Galbraith wrote during the mid seventies. His America still had strong unions. He wrote from the midst of spiraling inflation which worked something like this: a monopoly (let's say US Steel) raised its prices. The steel union wanted its cut, so it negotiated higher wages. Higher wages ate into profits, so the monopoly raised its prices again. The union wanted its cut, etc. Market forces did not soon arrest such a spiral. Inflation continued until the economy was wrecked and price increases could no longer be withstood.

In the 1970s, Galbraith noted, price controls already existed. They simply weren't government-imposed. Instead, the board of US Steel, or OPEC, or similarly monopolistic enterprises imposed their own— always bloated, often artificial— prices. Why not turn such power over to a government that could take macro economic health into consideration?

Modern economics is caught in an endless cycle of boom and bust. Inflation is fought only with a clumsy combination monetary and fiscal policy. Each cycle always ends in a painful period of high unemployment, civil unrest, and protracted recession or depression.
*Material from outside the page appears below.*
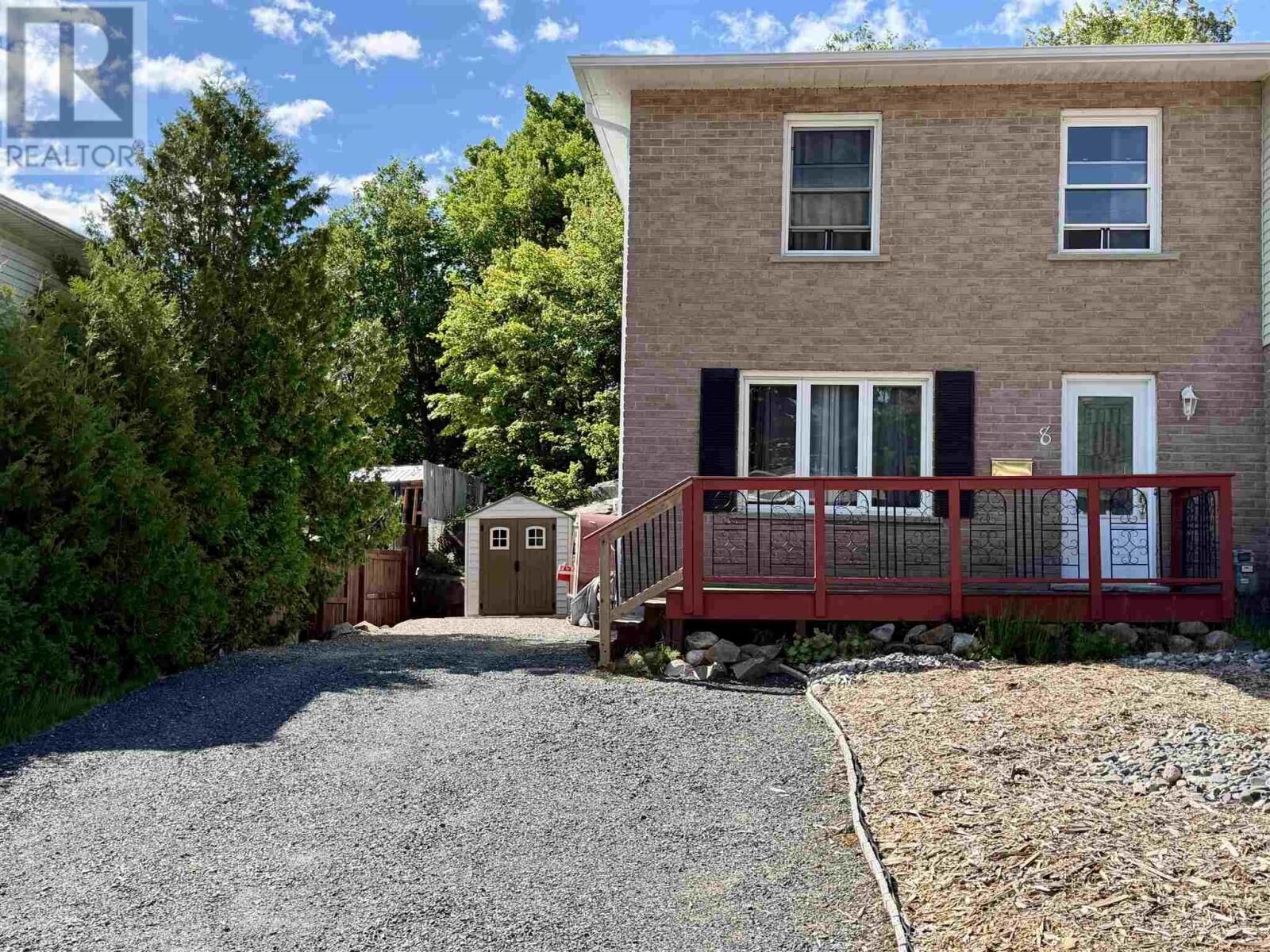 Property Photo:  8 Feltz Rd  ON P5A 3P9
In Galbraith's opinion, government-imposed price and wage controls could smooth the curves of such cycles thereby avoiding much of the massive economic pain associated with the deflationary side.
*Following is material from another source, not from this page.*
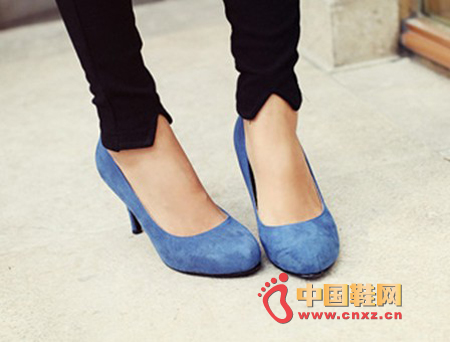 Cute little round high heels, comfortably low-heeled and comfortable to wear, texture of artificial suede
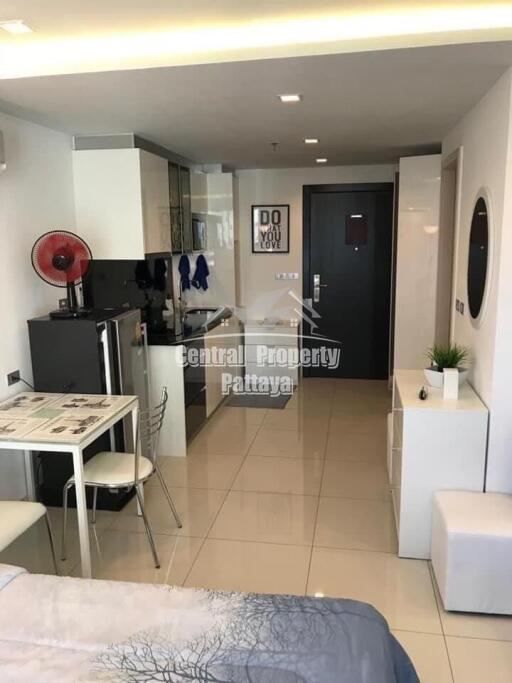 Superb 1 bed, 1 bath in Wongamat tower for sale in foreign ownership.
Such a system might bring other benefits. In WWII if a company was allowed to charge $20 per unit, it quickly found a way to produce that unit for less than $20. It also discovered how to produce and sold more units as a means to increase its net profit, if not its margins. A consequence was that production and productivity expanded massively.

My uninformed opinion

I am in no position to critique Galbraith. I'm an economically ignorant programmer who just so happens to have enjoyed reading his books. Thus what follows is a continuation of my lifelong habit of speaking overconfidently from a place of ignorance.

When it comes to peacetime price controls, I'm not as optimistic as Galbraith. Wartime controls had the necessary prerequisites of broad popular support and competent administrators. It is hard to imagine either of those prerequisites being found today.

To combat incompetence, Galbraith says that we must fire any administrators under whom economic policies fail. But such political will is unlikely to be found with any regularity. As always, we will end up with long tenured bureaucrats competent only at masking their incompetence with an obfuscating haze of sophisticated language.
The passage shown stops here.